Aircraft rugs are a nightmare. They are cut in odd shapes to fit the aircraft interior configurations. There are small, bitty pieces to fit odd corners and long pieces to go down central aisles, and narrow ones to fit along edges. Worse yet, with each change of interior configuration, new ones are required, not to mention the times when they decide on a new look and change colors. Each piece has a part number and must be stocked so you can find it. All I can say is that there were pieces of carpet in there that went back to the days of the Great Silver Fleet of the 1940s. There were murmurs of discontent as I suggested that it was time for a purge in that area.

Upstairs in the great hall, overhead steel trusses gave a Gothic look to ordered rows of bins and shelving. At one end were structural parts, aluminum and titanium pieces and tubing, ducting and the like. Boston did heavy maintenance checks and was well supplied. I recognized some of the shapes I saw as being bits of Lockheed Electras, departed from our fleet 10 years before. I was therefore not astonished to find ring sections of Lockheed Constellation nacelles and the like. I soon found that the stock in this vast hall was stored under a “random access” method. Excepting small hardware items which were stored in alpha-numeric order, bigger bits when arriving were placed somewhere — anywhere there was room — and a file card opened with its part number and description and most vitally its position by row number and shelf and bin number entered. These file cards were then to be filed in the usual alpha-numeric order. Need a part, look it up, pull the card and go to the location and pull it. It should be noted that ground equipment and automotive stock were intermingled with aircraft stock.

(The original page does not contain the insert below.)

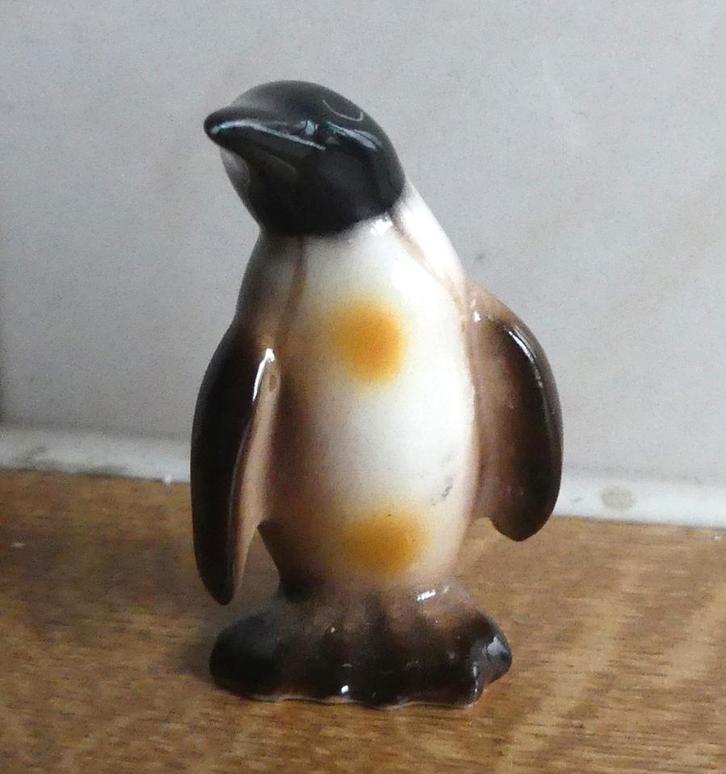 Goebel CV8C beeldje pinguïn beeld keizerspinguin, Verzamelen, Beelden en Beeldjes, Gebruikt, Dier, Ophalen of Verzenden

Of course this system requires dedication and accuracy to work. It also benefits from a periodic audit of what’s there to keep the cards current. It had received neither. In the dim lighting we went down aisles of materials. Occasionally, when I noted a particularly dusty shape, we would pull it out. Ah yes, the head from a Martin 404 towbar. Hmmm, could that be the gasoline engine and transmission from a CT-120 tractor? Didn’t we convert them to diesel years ago? Rear axles from 28-volt power units from a bygone era and, yes, even the hubs from DC-3 tail wheels. There were a set of engine change slings for L1049 Connies.

Other masses of cable, spreader bars and chain could not be identified as to what they had been designed to hoist. Then too, OSHA was getting fussy about requiring proof tests of slings and jacks and things. Did we have certifications on any of these slings? Down here were massive hydraulic cylinders from aircraft jacks, some almost indistinguishable under mantles of dust. Did we even use this type any more? It would require research to find out.

The stores manager was getting a bit green around the gills. On checking the card file, we found either that no cards had ever been prepared on these items (and there were a lot more) or they had been mislaid, not filed or somehow closed out. It was obvious that a general inventory was needed. There were moans and howls from the stock clerks until it was found that overtime would be needed to accomplish the job. Overtime always sweetens the taste of work. Literally truckloads of surplus ground equipment stock were shipped out for surplus sales. I know I would have loved to have gotten one of the old Hercules engines for my boat. The industrial Hercules blocks were used by Chris Craft for their marine engines. Unfortunately, I had sold the boat a few years before.

Well, that old Eastern hangar in Boston is gone now; the tunnel emerges from where it stood. So, too, are some of the other facilities and terminals where I sometimes feel like a dinosaur when I go back to the airports where once I could find every employee’s cafeteria. One thing remains constant, however: If you are going to manage an operation, you have to walk around it once in a while, stick your nose into the old dusty corners and ask questions as to what that “thing” is used for.